FOLLAVOINE : Chouilloux, c’est le président de la commision d’examen, chargée par l’Etat


d’adopter le modele qui sera imposé comme type à l’adjudicataire. Comprends tu
maintenant l’interet qu’il y a à se la ménager ? J’ai le brevet de la porcelaine incassable ?
n’est ce pas ? Que par l’influence de Chouilloux la commission adopte la porcelaine
incassable et ça y est. L’affaire est dans le sac et ma fortune est faite !
 Dès la première réplique de Follavoine , on observe un contraste burlesque entre les
connotations dépréciatives du nom « Chouilloux » et le titre ronflant que rappelle
Follavoine : « président ». Follavoine cherche à impressionner son épouse en le valorisant à
l’aide de tournures qui occultent dans un premier temps la visée de leur rendez vous –
vendre des pots de chambre aux soldats, dont l’identité est masquée par le groupe nominal
« adjudicataire », mot bien plus soutenu que « soldat » qu’il remplace. La caricature est donc
ici mise en valeur de manière burlesque.
 Follavoine expose la situation à Julie à l’aide de questions rhétoriques « comprends tu ». Il
utilise des expressions familières « l’affaire est dans le sac », « ma fortune est faite » qui
montrent que l’appât du gain est sa seule motivation. Mais la perspective de devenir riche
l’enthousiasme. Le jeu de Julie théâtralise aussitôt son échec, indiqué par la didascalie
« songeuse » et la réduction comique des grands mots de Follavoine devenus dans la bouche
de Julie de simples « ça » reprise deux fois dans la réplique :

JULIE : reste un instant songeuse, hochant la tête, puis. Oui !.... et ça te mènera à quoi ça ?

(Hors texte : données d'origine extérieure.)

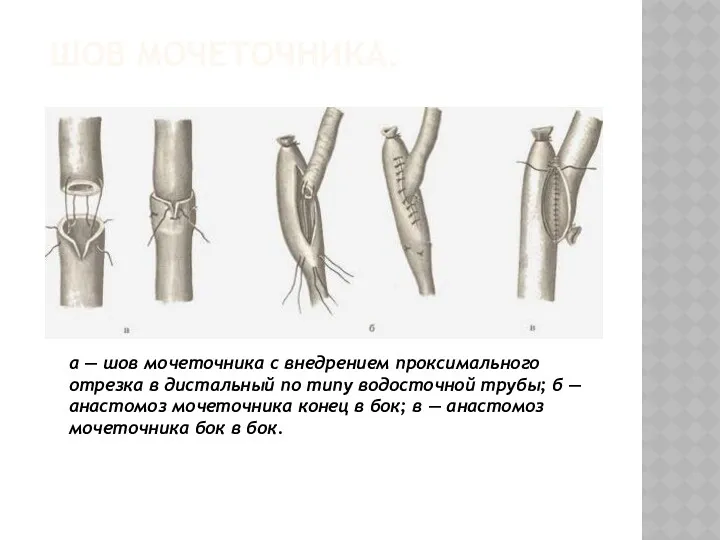 ШОВ МОЧЕТОЧНИКА. а — шов мочеточника с внедрением проксимального отрезка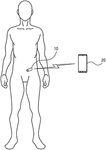 US2025204816A1-patent-drawing
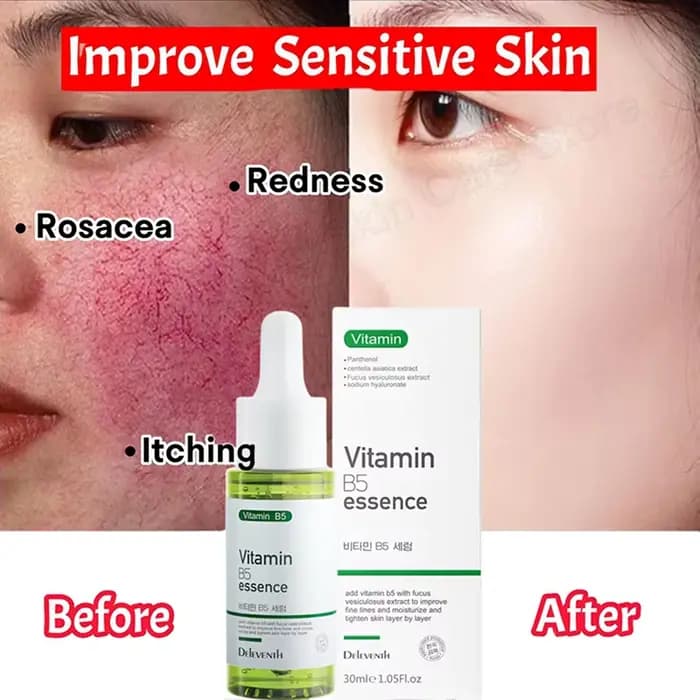 Sérum Réparateur Anti-Rougeurs Visage – Améliore la Peau Sensible et la Sécheresse – Hydratant Apaisant – Élimine la Rosacée – Cosmétiques Coréens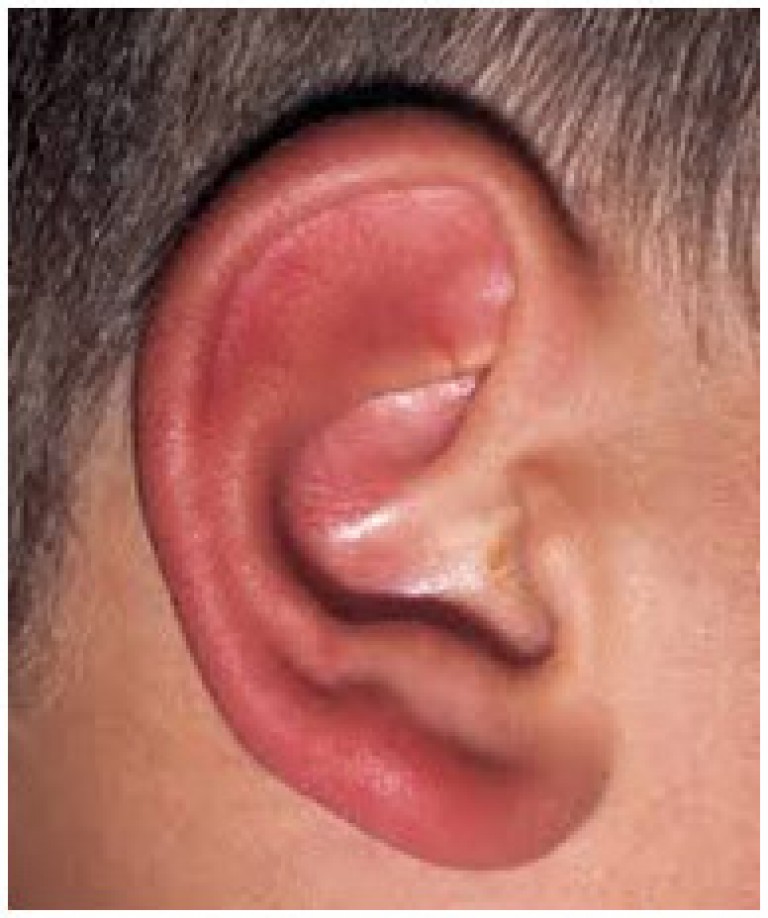 Hearing Aid Centre ChennaiOuter Ear & Diseases Related To It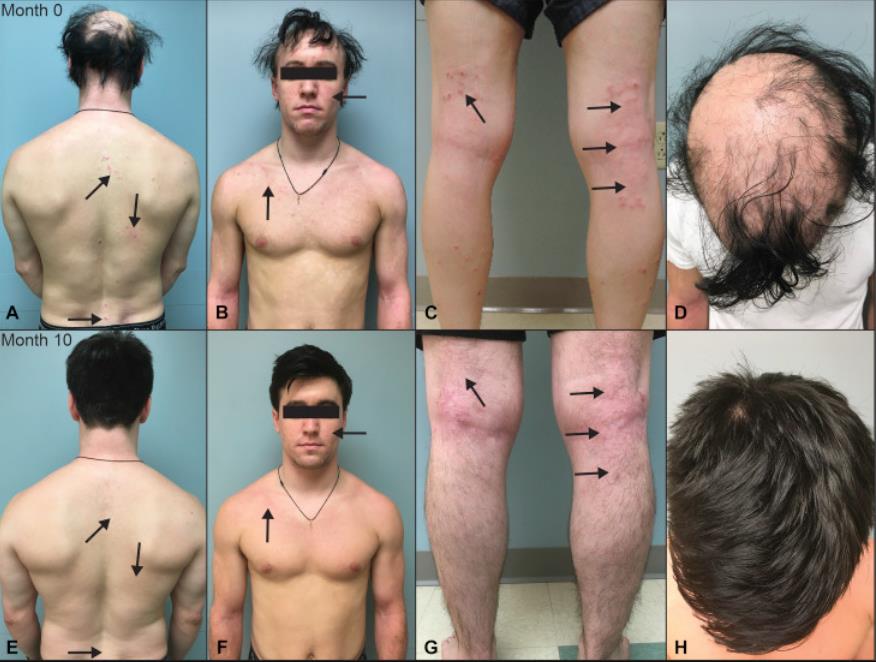 美国男子脱毛,美国男子患罕见疾病天生无锁骨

 Dans le Vaudeville, les didascalies abondent ; le dramaturge indique très précisément
comment interpréter le texte. La réaction de Julie est d’abord de garder un silence lourd de
sens « songeuse » « hochant la tête » ; on attend qu’elle félicite son époux mais son langage
corporel est éclairé par l’adverbe « oui » suivi d’un suspens matérialisé par les « … » puis une
question qui déprécie les efforts de Follavoine pour glorifier son projet. Elle y fait allusion à
l’aide deux « ça » méprisants.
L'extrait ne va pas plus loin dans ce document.